Fewer reserves and more pesos in the street reaffirm the trend of an exchange rate gap above 100 percent
4) Fiscal deficit and “bomb” of pesos. The main inflationary driver is the monetary expansion, that is, the pesos issued by the BCRA to cover the imbalance in public accounts. Collateral of this constant injection of coins is the endogenous issuance of the entity to pay maturities of the debt it issues to absorb said excess liquidity (Leliq Liquidity Bills and Passive Passes).
The “rain” of pesos will be abundant towards the end of the year.

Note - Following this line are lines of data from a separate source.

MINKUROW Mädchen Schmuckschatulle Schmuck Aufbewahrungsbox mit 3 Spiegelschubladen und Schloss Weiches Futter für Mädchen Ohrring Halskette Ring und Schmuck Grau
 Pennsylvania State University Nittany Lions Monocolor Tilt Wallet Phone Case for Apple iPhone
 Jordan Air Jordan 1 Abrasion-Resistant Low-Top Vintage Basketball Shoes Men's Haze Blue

The Monetary Base grew 38% in the last year (from $ 2.3 trillion to $ 3.2 trillion) and the monetary circulation (main component of the Monetary Base) rose 36.2%, a trend that justifies the year-on-year advance of 24% for the free dollar (from $ 163 to $ 201.50) and 43.8% for the stock market “counted with settlement” (from $ 148.75 to $ 214.85).
Less foreign currency reserves and more pesos on the street reaffirm the trend of exchange rate gap, above 100 percent between the official dollar and the alternative and free quotes.
Due to the slow devaluation, in 2021 the loss of exchange rate competitiveness is 20 percentage points
In this sense, a red light for financial and stock market agents is the exponential growth of the stock of Leliq and Pases, 74% in the last year, from $ 2.55 trillion to $ 4.43 trillion, a rate much higher than that of devaluation and inflation, and clearly a bad sign regarding future liquidity, given that this debt is of very short term and the BCRA must renew it permanently.
Today there is a 38.4% more pesos embedded in these debt securities, which require the monthly payment of interest above $ 100,000 million per month, that in the Monetary Base, which is the money with which the economy works.